The source believed the ‘no’ vote “risked the financial future of the ATC” and “the chance for young people to buy a house”.
“It has also impacted the increased opportunities young people in our industry would have had if billions of dollars had come to the sport,” they added.
The Save Rosehill Group drove the campaign to vote down the proposal.
They had on board high-profile industry figures including trainers Waterhouse and Chris Waller, and Victorian Racing Club (VRC) directors Neil Werrett and Vin Cox.
Waterhouse is also an ambassador of the VRC, a rival to the ATC.
The Daily Telegraph approached Cox ahead of the vote and asked whether he saw any conflict between being on the VRC Board – given its charter is to drive the success of Victorian racing – and having a stance on the Rosehill sale.
Cox replied: “No.”
While in the process of asking Cox whether the VRC might be impacted if the ATC benefited from a $5 billion windfall, he interrupted to say: “You’re trying to put words in my mouth and I’m not prepared to talk to The Daily Telegraph”.
ATC Chairman Peter McGauran cut a disappointed figure in the aftermath of the failed vote. He said the unimproved land value of Rosehill was $27.5 million.
A $5 billion sale price represented 128 times that value.
McGauran admitted it would have been for racing “the one Alan Bond you get in your life”, to paraphrase Kerry Packer.
“We will have to have all the good judgment and wisdom to prosper as a race club into the future,” McGauran said. “The funding would have transformed the Sydney scene for the next 100 years.
“I saw it as an opportunity and a necessity … in the face of declining attendances, declining membership … a wagering downturn. We’ve lost 4000 members in five years.
“Racing is not the dominant nor the cultural pursuit that it once was. It had a hold on young people and many Australians saw it as one of their prime recreations. That’s not the case now.
“There is a turning of the social tide about competitive animal sports, and racing is not excluded.
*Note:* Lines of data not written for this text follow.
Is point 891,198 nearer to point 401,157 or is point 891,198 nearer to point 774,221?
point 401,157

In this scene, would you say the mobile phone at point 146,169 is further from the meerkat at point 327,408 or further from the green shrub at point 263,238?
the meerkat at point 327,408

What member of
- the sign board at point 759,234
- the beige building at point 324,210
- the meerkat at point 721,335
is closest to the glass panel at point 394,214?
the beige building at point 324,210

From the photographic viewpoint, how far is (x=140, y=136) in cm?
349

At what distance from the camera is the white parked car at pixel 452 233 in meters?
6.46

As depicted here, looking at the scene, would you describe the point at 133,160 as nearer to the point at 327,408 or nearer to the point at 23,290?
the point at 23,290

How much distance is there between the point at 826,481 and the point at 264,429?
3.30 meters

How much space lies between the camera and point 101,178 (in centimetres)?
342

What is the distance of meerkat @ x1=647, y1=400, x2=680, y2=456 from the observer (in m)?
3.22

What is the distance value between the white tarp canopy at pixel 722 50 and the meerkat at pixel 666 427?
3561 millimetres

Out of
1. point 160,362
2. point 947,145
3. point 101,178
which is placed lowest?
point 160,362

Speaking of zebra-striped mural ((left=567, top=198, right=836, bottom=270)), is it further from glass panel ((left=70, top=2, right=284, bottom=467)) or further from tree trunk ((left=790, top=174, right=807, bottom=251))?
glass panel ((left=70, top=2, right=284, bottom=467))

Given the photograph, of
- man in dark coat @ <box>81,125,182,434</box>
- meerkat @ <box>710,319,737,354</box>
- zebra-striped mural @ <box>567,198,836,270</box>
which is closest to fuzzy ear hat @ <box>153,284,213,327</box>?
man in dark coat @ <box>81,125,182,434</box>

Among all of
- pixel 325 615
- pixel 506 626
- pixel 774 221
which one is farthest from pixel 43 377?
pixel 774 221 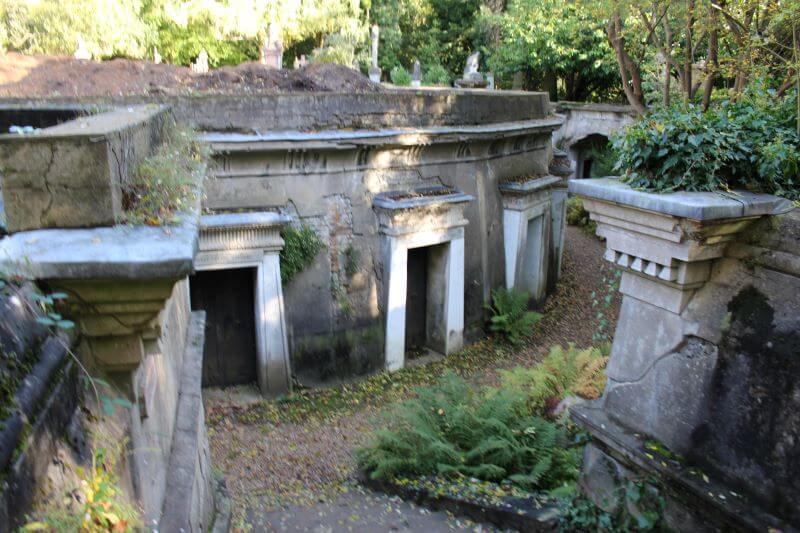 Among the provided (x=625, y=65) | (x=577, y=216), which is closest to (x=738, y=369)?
(x=625, y=65)

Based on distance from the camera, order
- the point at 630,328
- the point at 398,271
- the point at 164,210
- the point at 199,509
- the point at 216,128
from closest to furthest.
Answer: the point at 164,210, the point at 199,509, the point at 630,328, the point at 216,128, the point at 398,271

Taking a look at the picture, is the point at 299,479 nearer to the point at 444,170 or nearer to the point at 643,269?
the point at 643,269

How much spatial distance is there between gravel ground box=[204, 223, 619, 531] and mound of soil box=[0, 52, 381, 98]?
514 cm

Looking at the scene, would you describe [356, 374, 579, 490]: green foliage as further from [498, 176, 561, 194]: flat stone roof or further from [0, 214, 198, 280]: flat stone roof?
[498, 176, 561, 194]: flat stone roof

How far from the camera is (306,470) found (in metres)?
7.55

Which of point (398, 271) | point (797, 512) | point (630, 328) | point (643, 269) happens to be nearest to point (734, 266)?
point (643, 269)

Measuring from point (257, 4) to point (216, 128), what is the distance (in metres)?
17.5

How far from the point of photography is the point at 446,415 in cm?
717

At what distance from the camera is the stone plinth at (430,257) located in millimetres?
9820

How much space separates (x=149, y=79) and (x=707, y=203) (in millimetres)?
10186

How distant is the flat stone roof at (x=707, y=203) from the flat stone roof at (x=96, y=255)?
9.09 feet

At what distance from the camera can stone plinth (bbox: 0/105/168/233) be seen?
2197 mm

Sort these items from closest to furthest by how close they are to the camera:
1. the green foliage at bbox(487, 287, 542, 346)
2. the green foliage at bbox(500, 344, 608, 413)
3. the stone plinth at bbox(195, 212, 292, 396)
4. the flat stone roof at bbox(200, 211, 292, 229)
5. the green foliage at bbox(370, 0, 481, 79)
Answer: the green foliage at bbox(500, 344, 608, 413), the flat stone roof at bbox(200, 211, 292, 229), the stone plinth at bbox(195, 212, 292, 396), the green foliage at bbox(487, 287, 542, 346), the green foliage at bbox(370, 0, 481, 79)

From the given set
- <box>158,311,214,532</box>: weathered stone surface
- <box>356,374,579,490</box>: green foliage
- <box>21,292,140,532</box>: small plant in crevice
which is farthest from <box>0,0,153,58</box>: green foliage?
<box>21,292,140,532</box>: small plant in crevice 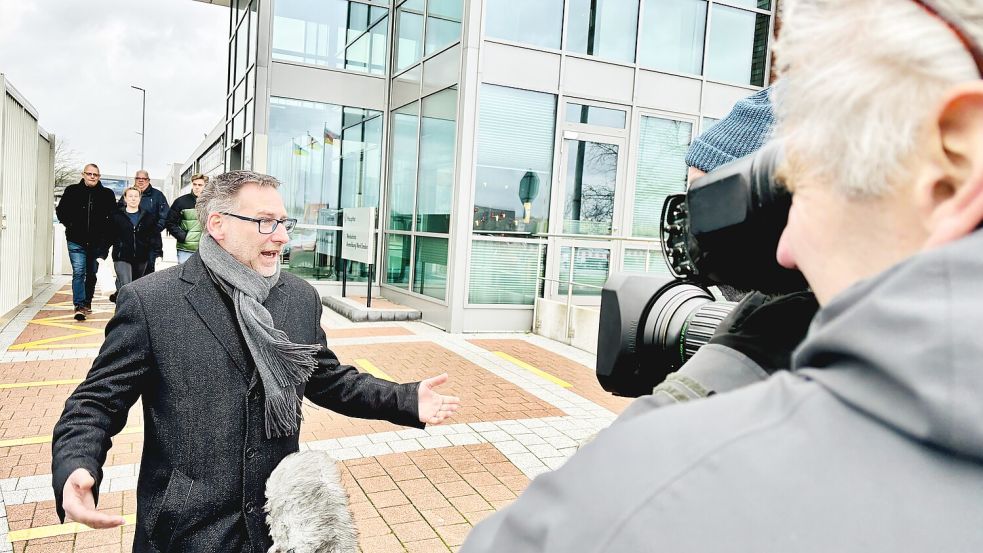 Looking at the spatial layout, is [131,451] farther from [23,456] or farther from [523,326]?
[523,326]

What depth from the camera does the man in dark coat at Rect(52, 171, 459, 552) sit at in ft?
5.92

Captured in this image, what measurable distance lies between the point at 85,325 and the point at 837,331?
9.64 metres

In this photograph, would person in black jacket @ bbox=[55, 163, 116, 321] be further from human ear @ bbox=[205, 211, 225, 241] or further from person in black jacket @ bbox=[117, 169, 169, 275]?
human ear @ bbox=[205, 211, 225, 241]

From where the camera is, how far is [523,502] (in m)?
0.58

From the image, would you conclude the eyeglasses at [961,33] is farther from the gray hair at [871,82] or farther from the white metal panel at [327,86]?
the white metal panel at [327,86]

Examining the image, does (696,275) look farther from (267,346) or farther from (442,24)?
(442,24)

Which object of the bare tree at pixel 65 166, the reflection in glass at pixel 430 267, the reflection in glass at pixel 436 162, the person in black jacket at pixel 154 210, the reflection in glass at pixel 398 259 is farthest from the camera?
the bare tree at pixel 65 166

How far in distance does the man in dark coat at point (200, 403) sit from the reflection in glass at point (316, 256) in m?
9.76

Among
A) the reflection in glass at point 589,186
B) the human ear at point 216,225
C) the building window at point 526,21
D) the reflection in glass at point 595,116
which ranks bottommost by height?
the human ear at point 216,225

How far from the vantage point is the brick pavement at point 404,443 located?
335 centimetres

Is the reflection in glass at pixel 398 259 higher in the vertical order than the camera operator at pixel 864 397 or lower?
lower

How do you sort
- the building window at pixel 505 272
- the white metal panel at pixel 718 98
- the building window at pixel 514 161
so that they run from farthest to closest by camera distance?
the white metal panel at pixel 718 98
the building window at pixel 505 272
the building window at pixel 514 161

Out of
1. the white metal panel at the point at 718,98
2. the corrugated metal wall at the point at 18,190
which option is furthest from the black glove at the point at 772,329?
the white metal panel at the point at 718,98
There is a need for racing people to get a reality jolt.
“Much of this debate was influenced by the racing establishment who have (already) made their fortunes from racing.”
In the end, McGauran would agree. The numbers don’t lie. An ATC membership of 11,400 is anaemic alongside those of Sydney’s nine NRL clubs. They boast a combined membership of 195,000, led by South Sydney with just under 30,000.
In AFL, The Sydney Swans have 73,000 members and Greater Western Sydney 36,000.
But the most important figure is 25,000 – the number of houses that won’t materialise because ATC members refused to sell a racecourse they never visit.